Restate the last part of the records below word for word, beginning at the line with "439 Kinloch Crescent Saskatoon SK S7M 5X1" and ending at the final line.

:: Material for this exercise

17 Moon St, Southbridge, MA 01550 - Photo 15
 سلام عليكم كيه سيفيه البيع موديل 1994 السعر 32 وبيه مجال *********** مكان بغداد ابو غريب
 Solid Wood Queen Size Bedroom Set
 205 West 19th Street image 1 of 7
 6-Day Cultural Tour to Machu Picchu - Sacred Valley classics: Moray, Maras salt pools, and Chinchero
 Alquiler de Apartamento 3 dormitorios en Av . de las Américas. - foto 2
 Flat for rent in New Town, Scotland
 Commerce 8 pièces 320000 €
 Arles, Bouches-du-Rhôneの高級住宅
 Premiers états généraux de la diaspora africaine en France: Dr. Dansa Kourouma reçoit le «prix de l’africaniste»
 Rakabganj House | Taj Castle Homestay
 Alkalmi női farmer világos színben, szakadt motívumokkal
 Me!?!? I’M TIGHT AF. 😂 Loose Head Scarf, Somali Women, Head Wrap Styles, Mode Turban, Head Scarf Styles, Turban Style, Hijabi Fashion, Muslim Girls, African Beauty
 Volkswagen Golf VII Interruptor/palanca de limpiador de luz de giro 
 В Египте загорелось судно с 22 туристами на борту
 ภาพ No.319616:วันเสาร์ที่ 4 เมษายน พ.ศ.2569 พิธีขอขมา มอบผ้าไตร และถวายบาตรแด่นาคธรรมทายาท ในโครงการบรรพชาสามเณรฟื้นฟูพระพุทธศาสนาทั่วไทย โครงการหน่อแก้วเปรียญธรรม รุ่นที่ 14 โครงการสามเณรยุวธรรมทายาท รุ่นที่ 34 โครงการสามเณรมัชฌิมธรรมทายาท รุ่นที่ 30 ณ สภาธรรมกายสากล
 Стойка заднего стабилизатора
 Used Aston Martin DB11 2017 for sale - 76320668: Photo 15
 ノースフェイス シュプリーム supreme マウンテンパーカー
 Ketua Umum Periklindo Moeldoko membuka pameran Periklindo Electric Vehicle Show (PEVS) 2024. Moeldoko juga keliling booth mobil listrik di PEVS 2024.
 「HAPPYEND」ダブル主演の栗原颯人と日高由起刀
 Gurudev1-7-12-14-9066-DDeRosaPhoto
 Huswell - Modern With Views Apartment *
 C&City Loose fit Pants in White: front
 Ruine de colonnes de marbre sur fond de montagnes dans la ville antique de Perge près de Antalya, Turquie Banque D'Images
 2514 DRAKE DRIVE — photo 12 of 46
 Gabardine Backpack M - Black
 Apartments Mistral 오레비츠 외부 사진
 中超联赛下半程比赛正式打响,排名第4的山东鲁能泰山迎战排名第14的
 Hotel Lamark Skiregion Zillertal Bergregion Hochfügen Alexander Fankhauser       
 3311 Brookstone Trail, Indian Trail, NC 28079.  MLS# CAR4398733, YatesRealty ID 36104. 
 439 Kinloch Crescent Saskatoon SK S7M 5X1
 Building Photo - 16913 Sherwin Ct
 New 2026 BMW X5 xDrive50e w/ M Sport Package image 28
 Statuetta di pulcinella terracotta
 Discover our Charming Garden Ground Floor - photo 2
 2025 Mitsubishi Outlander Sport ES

::::

Result for this task
 439 Kinloch Crescent Saskatoon SK S7M 5X1
 Building Photo - 16913 Sherwin Ct
 New 2026 BMW X5 xDrive50e w/ M Sport Package image 28
 Statuetta di pulcinella terracotta
 Discover our Charming Garden Ground Floor - photo 2
 2025 Mitsubishi Outlander Sport ES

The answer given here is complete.